Work instruction
Reproduce word for word the lines between those holding "Vintage Vintage 90s" and "Renault Megane Megane", inclusive, and nothing else from the data below.

Input data
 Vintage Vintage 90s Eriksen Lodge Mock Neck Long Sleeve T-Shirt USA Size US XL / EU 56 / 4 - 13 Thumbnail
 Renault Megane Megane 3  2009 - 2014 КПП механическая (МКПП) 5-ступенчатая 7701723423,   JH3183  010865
---
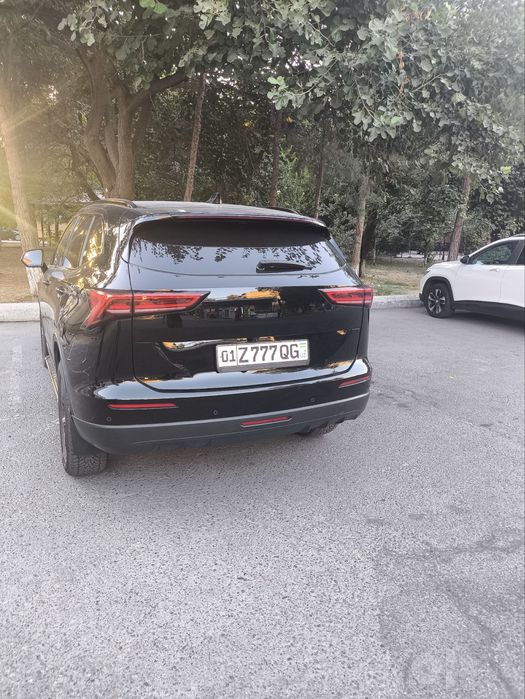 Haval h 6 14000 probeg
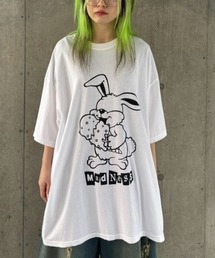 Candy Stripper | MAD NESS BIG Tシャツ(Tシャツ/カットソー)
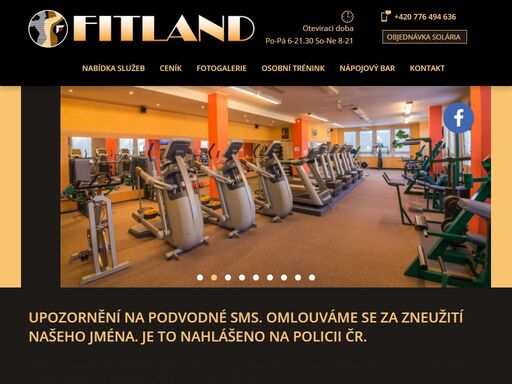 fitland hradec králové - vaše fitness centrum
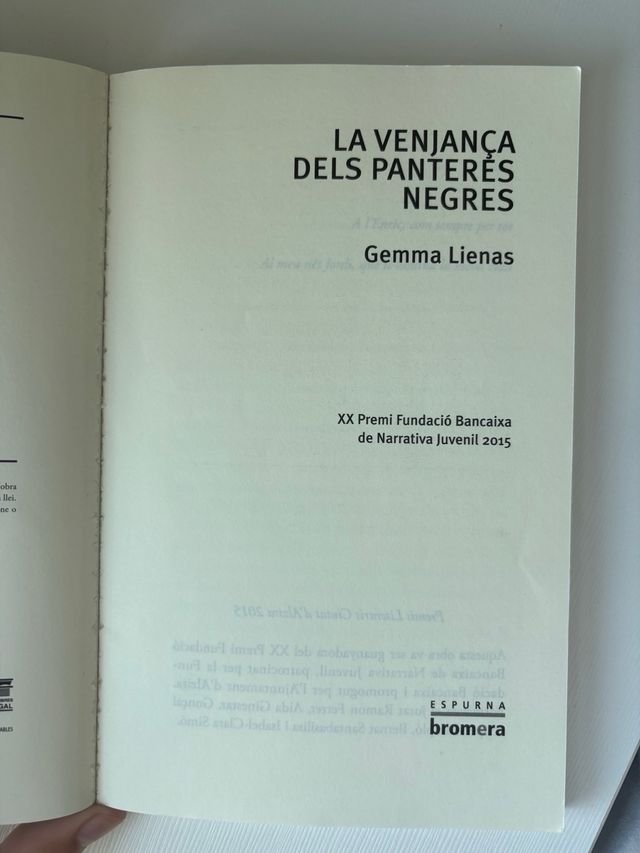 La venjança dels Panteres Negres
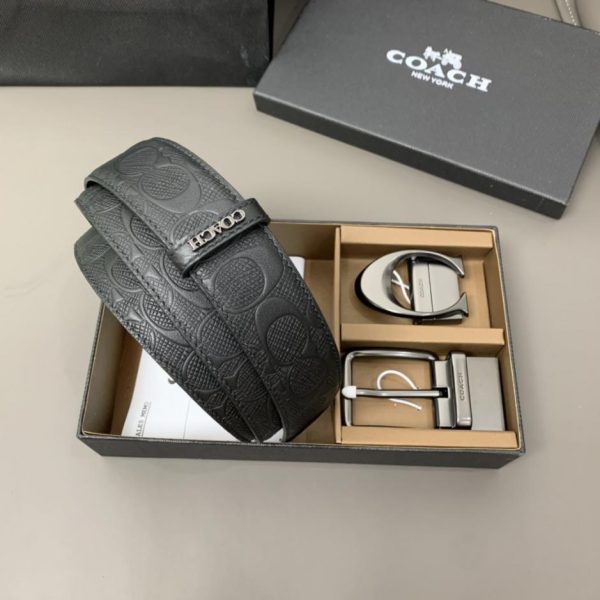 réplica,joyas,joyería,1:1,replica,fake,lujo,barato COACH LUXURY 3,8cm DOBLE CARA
--
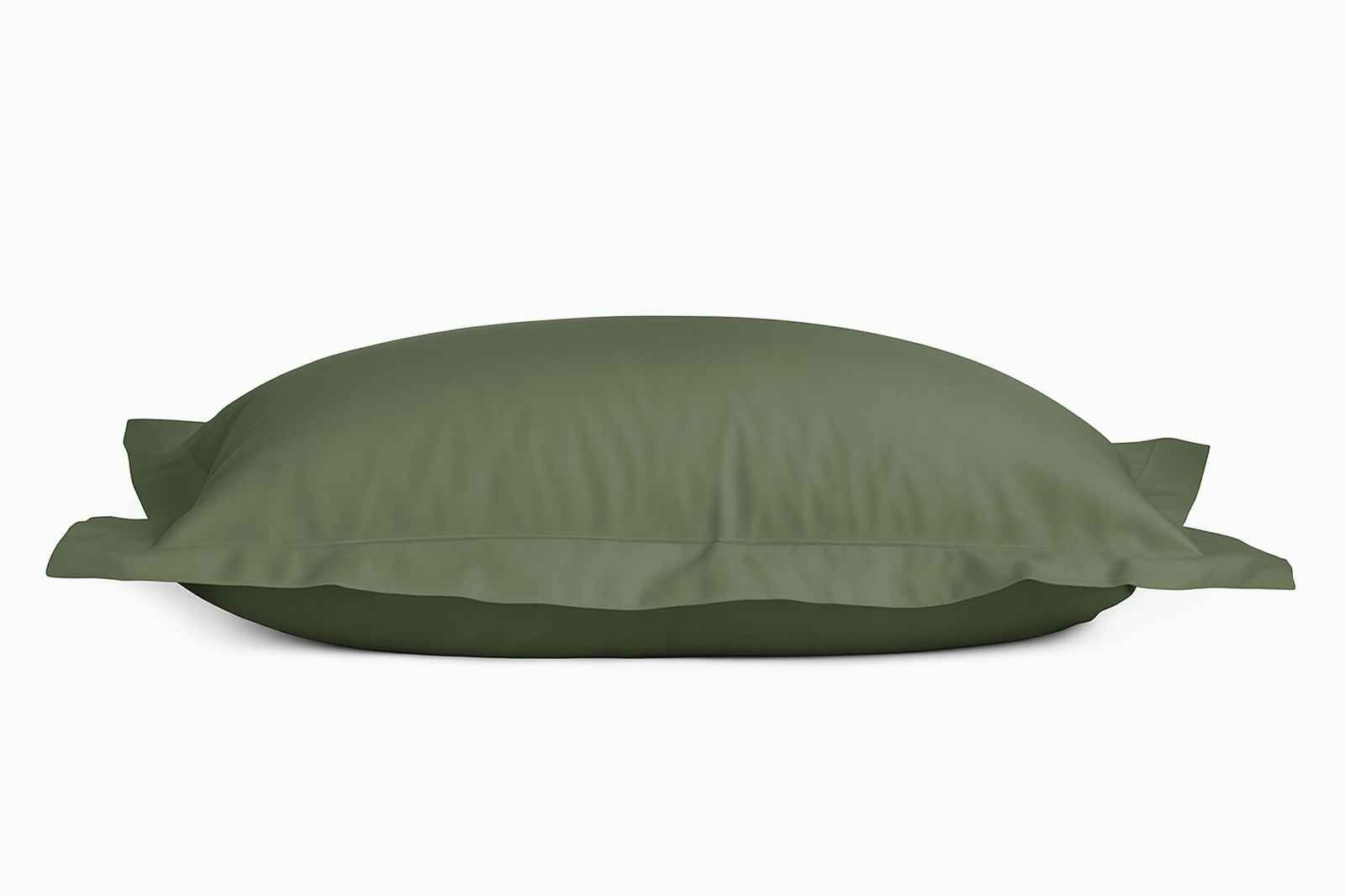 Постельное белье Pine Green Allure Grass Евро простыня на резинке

Task result
 Vintage Vintage 90s Eriksen Lodge Mock Neck Long Sleeve T-Shirt USA Size US XL / EU 56 / 4 - 13 Thumbnail
 Renault Megane Megane 3  2009 - 2014 КПП механическая (МКПП) 5-ступенчатая 7701723423,   JH3183  010865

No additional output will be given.